François Bayrou considère la proposition de financer le RSA par la PPE "injuste" et insoutenable"

François Bayrou a jugé vendredi "injuste" et "insoutenable" la proposition de Nicolas Sarkozy de financer une généralisation du Revenu de solidarité active (RSA) par un redéploiement partiel de la Prime pour l'emploi (PPE). "Dans l'intervention télévisée de Nicolas Sarkozy hier soir, il y a eu une seule proposition, celle qui concerne le Revenu de solidarité active, et cette proposition est insoutenable", a déclaré à l'AFP Fançois Bayrou, président du Mouvement Démocrate...."

Le chef de l'Etat a annoncé jeudi soir que "le RSA se fera en en maîtrisant le coût, parce qu'on va redéployer une partie du coût de la prime pour l'emploi", créée en 2001 et versée aux titulaires de bas salaires.
"C'est donc aux salariés les plus modestes, aux travailleurs pauvres, qu'on demande de financer ce geste de solidarité!", a protesté M. Bayrou.
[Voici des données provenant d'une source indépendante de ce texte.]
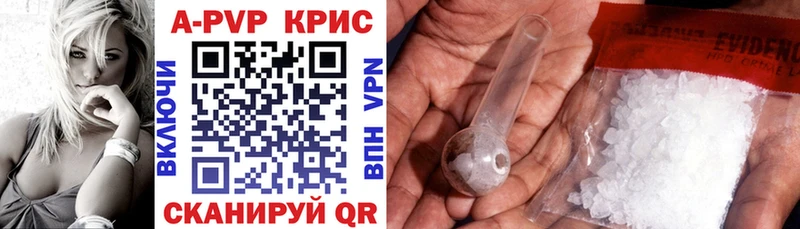 A PVP Соль  Купить где  Гдов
Pour lui, "le RSA est évidemment parfaitement fondé, mais la solidarité ne peut pas être mise à la charge des plus pauvres, sans qu'il soit fait appel en quoi que ce soit aux plus riches".... "Cette proposition est impossible à soutenir .... et elle ne sera pas mise en application", car "c'est tellement injuste que les Français ne l'accepteront pas", a-t-il jugé.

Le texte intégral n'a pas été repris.